I intend to be sending
files that approximate 300 megabytes. Is there a good way to test
buffer sizes, so I can
make an educated decision?

2) are there better alternatives to read() and write() in this scenario
over a TCP connection?

Thanks.

joe@invalid.address

2006-09-19, 1:32 pm

"bwaichu@yahoo.com" <bwaichu@yahoo.com> writes:

> I am in the process of writing a simple file transfer program.
> I have successfully sent a file to netcat using this idiom:
>
> while ((size = read(file_no, buf, BUFSIZ)) != -1 && size != 0) {
> if ((write(sockfd, buf, size)) <= 0)
> break;
> sent += size;
> }
>
> Now, I would like to be able to send a file that is compressed on one
> end and decompressed on the other. My first choice is to use zlib.
>
> But I have two questions:
>
> 1) how do I determine the best size buffer to send and compress with?
> I intend to be sending
> files that approximate 300 megabytes. Is there a good way to test
> buffer sizes, so I can
> make an educated decision?


The zlib documentation gives guidlines for buffer size. You can
compress/uncompress in chunks so you don't have to buffer the whole
300 MB. See the zlib documentation at http://www.zlib.net. There's
some sample code with annotations at http://www.zlib.net/zlib_how.html

> 2) are there better alternatives to read() and write() in this scenario
> over a TCP connection?


That depends on your requirements.

Joe
James Antill

2006-09-19, 7:26 pm

On Mon, 18 Sep 2006 22:21:51 -0700, bwaichu@yahoo.com wrote:

> I am in the process of writing a simple file transfer program.
> I have successfully sent a file to netcat using this idiom:
>
> while ((size = read(file_no, buf, BUFSIZ)) != -1 && size != 0) {
> if ((write(sockfd, buf, size)) <= 0)
> break;
> sent += size;


This is wrong, write() on a socket can easily return > 0 && < size.
You also don't want to immediately exit if read returns -1 (check errno
and make a decision).

> }
>
> Now, I would like to be able to send a file that is compressed on one
> end and decompressed on the other. My first choice is to use zlib.

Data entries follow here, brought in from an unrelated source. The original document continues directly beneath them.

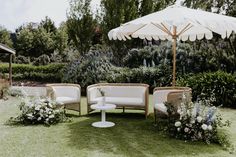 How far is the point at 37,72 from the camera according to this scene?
80.4ft

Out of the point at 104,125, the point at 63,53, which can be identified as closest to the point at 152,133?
the point at 104,125

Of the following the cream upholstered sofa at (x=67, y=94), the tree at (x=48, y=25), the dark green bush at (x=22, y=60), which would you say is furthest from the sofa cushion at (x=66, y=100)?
the tree at (x=48, y=25)

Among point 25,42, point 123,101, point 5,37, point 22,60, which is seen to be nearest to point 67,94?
point 123,101

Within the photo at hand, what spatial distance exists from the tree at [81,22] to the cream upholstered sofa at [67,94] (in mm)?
10645

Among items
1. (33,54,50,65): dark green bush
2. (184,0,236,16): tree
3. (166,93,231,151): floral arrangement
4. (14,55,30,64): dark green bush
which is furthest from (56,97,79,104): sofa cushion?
(14,55,30,64): dark green bush

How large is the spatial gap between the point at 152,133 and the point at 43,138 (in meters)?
2.43

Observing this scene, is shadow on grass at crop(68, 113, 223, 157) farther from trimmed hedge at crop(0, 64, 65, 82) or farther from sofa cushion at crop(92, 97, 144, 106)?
trimmed hedge at crop(0, 64, 65, 82)

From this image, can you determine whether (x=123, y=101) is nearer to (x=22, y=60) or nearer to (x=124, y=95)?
(x=124, y=95)

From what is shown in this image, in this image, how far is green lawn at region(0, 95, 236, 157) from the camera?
20.5ft

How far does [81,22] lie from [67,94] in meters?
10.8

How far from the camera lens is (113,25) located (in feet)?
63.8

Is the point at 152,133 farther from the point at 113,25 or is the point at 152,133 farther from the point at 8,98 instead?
the point at 113,25

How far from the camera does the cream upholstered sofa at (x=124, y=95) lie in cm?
940

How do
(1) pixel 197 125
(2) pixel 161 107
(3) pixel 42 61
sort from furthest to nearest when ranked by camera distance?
(3) pixel 42 61 < (2) pixel 161 107 < (1) pixel 197 125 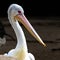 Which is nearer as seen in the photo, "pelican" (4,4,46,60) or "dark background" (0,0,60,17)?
"pelican" (4,4,46,60)

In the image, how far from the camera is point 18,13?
18.8ft

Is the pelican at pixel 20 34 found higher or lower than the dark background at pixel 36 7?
higher

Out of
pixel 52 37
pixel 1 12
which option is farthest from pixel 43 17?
pixel 52 37

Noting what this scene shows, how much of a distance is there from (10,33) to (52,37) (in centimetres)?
140

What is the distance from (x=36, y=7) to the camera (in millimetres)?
15805

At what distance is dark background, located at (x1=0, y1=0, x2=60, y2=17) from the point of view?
607 inches

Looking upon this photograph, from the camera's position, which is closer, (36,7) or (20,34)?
(20,34)

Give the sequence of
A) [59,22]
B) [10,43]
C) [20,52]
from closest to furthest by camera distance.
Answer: [20,52] → [10,43] → [59,22]

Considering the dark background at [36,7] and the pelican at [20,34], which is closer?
the pelican at [20,34]

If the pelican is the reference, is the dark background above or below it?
below

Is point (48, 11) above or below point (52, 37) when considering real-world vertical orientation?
below

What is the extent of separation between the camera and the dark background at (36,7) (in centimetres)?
1541

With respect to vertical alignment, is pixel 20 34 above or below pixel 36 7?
above

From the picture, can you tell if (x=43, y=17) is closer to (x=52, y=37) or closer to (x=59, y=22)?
(x=59, y=22) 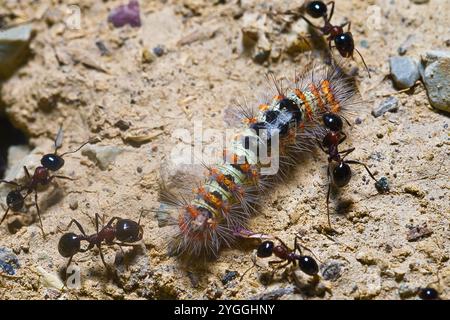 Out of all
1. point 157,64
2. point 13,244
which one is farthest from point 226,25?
point 13,244

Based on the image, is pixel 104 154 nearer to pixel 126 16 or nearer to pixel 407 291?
pixel 126 16

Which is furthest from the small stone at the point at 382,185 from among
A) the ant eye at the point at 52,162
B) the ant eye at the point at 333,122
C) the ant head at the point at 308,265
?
the ant eye at the point at 52,162

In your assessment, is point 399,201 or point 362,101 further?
point 362,101

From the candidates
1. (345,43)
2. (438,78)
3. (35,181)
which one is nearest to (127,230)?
(35,181)

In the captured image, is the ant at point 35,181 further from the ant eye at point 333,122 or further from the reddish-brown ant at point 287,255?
the ant eye at point 333,122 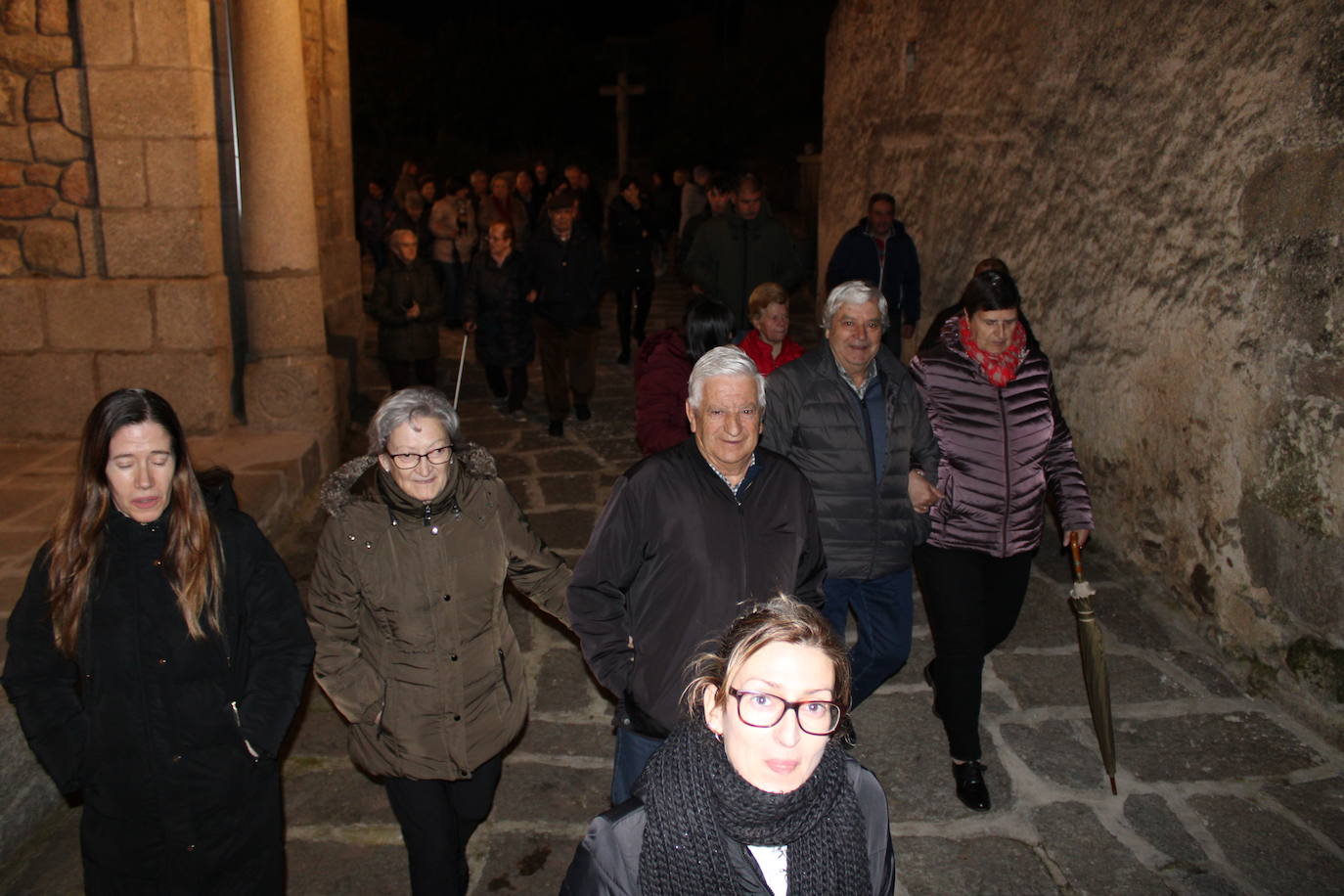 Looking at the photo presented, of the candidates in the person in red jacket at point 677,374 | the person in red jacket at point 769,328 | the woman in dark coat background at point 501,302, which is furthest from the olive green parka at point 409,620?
the woman in dark coat background at point 501,302

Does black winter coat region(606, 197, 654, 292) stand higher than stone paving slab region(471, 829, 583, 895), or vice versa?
black winter coat region(606, 197, 654, 292)

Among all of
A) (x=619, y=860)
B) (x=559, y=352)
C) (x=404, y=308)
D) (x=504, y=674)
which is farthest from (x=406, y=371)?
(x=619, y=860)

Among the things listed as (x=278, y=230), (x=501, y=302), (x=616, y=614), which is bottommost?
(x=616, y=614)

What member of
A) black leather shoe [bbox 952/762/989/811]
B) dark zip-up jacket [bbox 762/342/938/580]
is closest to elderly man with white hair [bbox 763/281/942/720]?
dark zip-up jacket [bbox 762/342/938/580]

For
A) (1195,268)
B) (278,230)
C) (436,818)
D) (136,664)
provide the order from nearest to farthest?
(136,664) < (436,818) < (1195,268) < (278,230)

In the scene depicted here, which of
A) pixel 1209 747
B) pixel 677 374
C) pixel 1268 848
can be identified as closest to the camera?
pixel 1268 848

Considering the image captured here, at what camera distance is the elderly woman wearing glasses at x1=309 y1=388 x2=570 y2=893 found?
117 inches

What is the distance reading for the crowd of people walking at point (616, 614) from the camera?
1921mm

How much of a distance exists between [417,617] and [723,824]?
53.8 inches

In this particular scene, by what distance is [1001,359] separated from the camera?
3.99 metres

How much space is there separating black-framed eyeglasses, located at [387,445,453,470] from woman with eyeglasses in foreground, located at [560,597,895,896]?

I'm hoping you mean "use zlib to produce gzip compatible compressions",
using straight zlib is a bad idea.

> 2) are there better alternatives to read() and write() in this scenario
> over a TCP connection?


For file transfer, you _might_ want to compress to disk and then
sendfile() the result. This will win big if you keep the result around and
can just re-send it if someone else requests the same file.
Note that you might have latency requirements that dictate not doing that
(at least for the first request).

Also you might want to use send() instead of write() with the MSG_MORE
flag (but personally, I find just setting the CORK flag on the connection
and using write() is easier).

--
James Antill -- james@and.org
http://www.and.org/and-httpd

bwaichu@yahoo.com

2006-09-20, 1:32 am


James Antill wrote:
>
> I'm hoping you mean "use zlib to produce gzip compatible compressions",
> using straight zlib is a bad idea.


Why is it a bad idea? Can you demonstrate why it's a bad idea?
openSSH uses
zlib compression with a 4096 fixed size buffer. And the compression
functions
in openSSH are pretty simple.

>
>
> For file transfer, you _might_ want to compress to disk and then
> sendfile() the result. This will win big if you keep the result around and
> can just re-send it if someone else requests the same file.
> Note that you might have latency requirements that dictate not doing that
> (at least for the first request).


This would also eat up a lot of disk space. Let's say I want to send
10 files that
are all about 200-300 megabytes each. Why would I want to compress
them and save the compression to disk? What if the file I am sending
after being compressed is the same size due to it being an avi? This
just adds disk I/O for no reason.

> Also you might want to use send() instead of write() with the MSG_MORE
> flag (but personally, I find just setting the CORK flag on the connection
> and using write() is easier).


Please explain.

James Antill

2006-09-20, 7:52 pm

On Tue, 19 Sep 2006 17:40:49 -0700, bwaichu@yahoo.com wrote:

>
> James Antill wrote:
>
> Why is it a bad idea? Can you demonstrate why it's a bad idea?
> openSSH uses
> zlib compression with a 4096 fixed size buffer. And the compression
> functions
> in openSSH are pretty simple.


I'd argue it's always bad due to interoperability. zlib is needlessly
different from straight gzip, and straight gzip can be read by many
things. This is esp. important, IMO, for a file server where you might
actually want to get the compressed version and then uncompress it (there
are no std. tools to uncompress zlib).

>
> This would also eat up a lot of disk space. Let's say I want to send
> 10 files that
> are all about 200-300 megabytes each. Why would I want to compress
> them and save the compression to disk?


Latency and throughput.
If one of those files gets requested twice, that would be a huge saving.
And disk space is very cheap compared to network latency.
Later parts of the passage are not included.